Evolution and fluid dynamic effects of pulsed column-shaped plasma

•Localized column-shaped plasma is provided by a 200-ns electrical pulse.•The plasma column afterglow lasts up to 5–6 μs.•The induced high-speed transient flow is captured using PIV and shadowgraphy.•Space-time diagrams of two induced discontinuities are compared with CFD simulations.•∼20% of the total electrical power goes into heat on a sub-microsecond time scale. We study the development, as well as the thermal and fluid dynamic effects of a pulsed column-shaped plasma generated at low pressure using a volume discharge arrangement. The conditions are achieved when the volume discharge contraction leads to pulsed localized deposition of most of the electrical power into a straight plasma column, 24-mm in length. First, we investigate the effect of pressure on the discharge morphology and afterglow evolution using combined electrical measurements and time-resolved streak and image glow recordings.
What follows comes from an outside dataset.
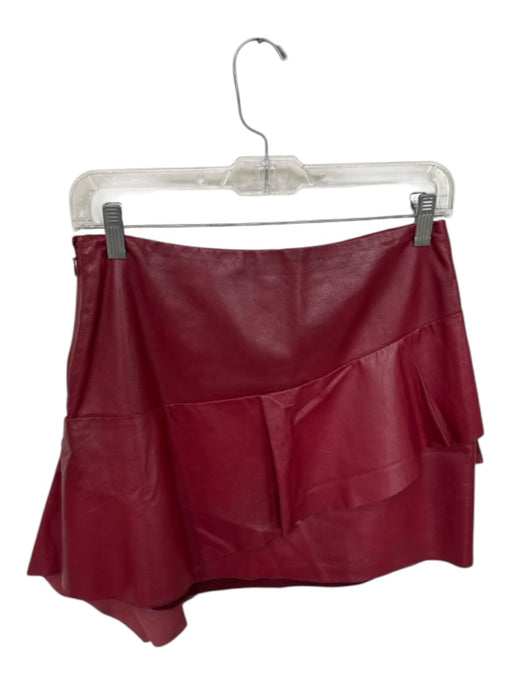 Joie Size 2 Maroon Lamb leather Side Zip Asymetric Skirt Maroon / 2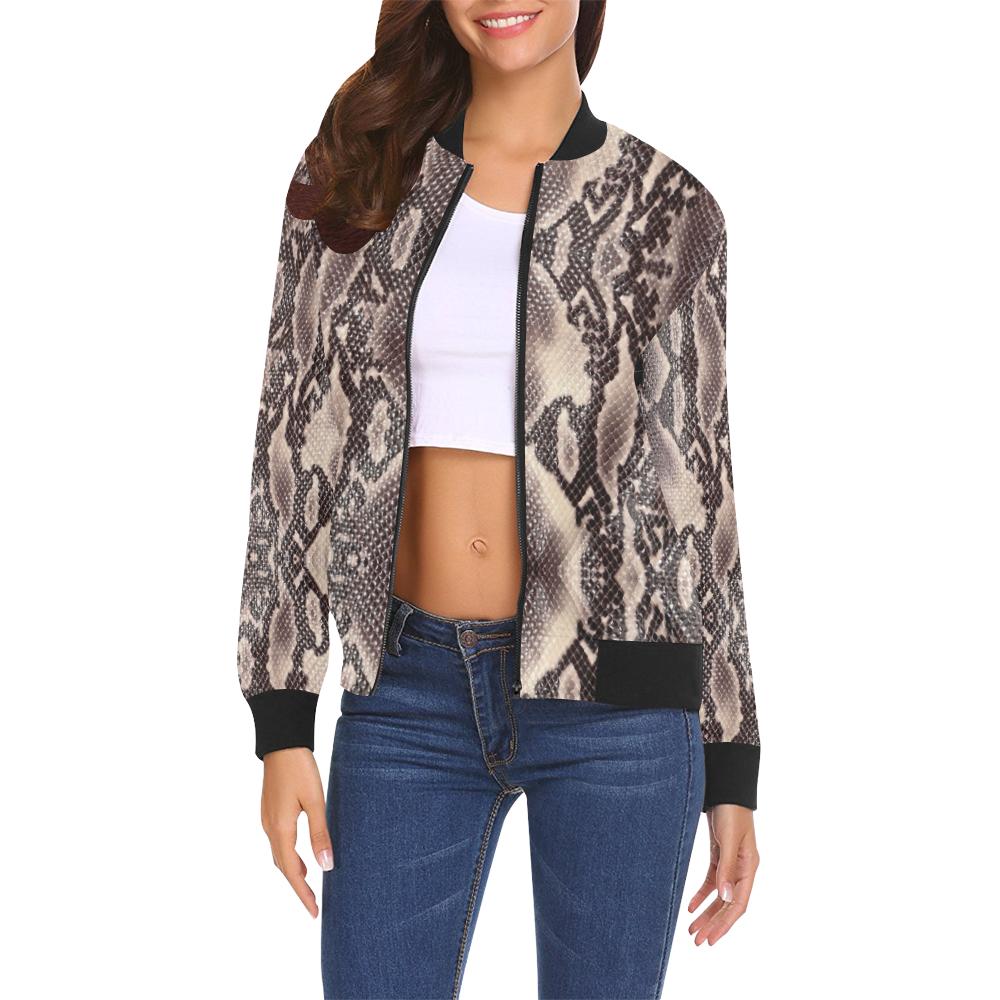 Brown Snakeskin Python Skin Pattern Print Women Casual Bomber Jacket-grizzshop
Then we conduct the high-speed shadow imaging and the PIV visualization of the induced post-discharge transient flow that includes a cylindrical shock wave, a rarefaction wave, and a contact surface. The shock wave front expands at a Mach number of 1.4–1.8, as measured on the shadow images. The contact surface, after interacting with the reflected rarefaction wave, stagnates at a radius around 4 mm separating the discharge-heated gas from the shock-heated gas. Finally, we perform 3D CFD simulations to complement the flow visualization experiments and show that, at the present experimental conditions, about 0.12–0.16 J of energy is thermalized on a sub-microsecond time scale within a cylindrical breakdown volume.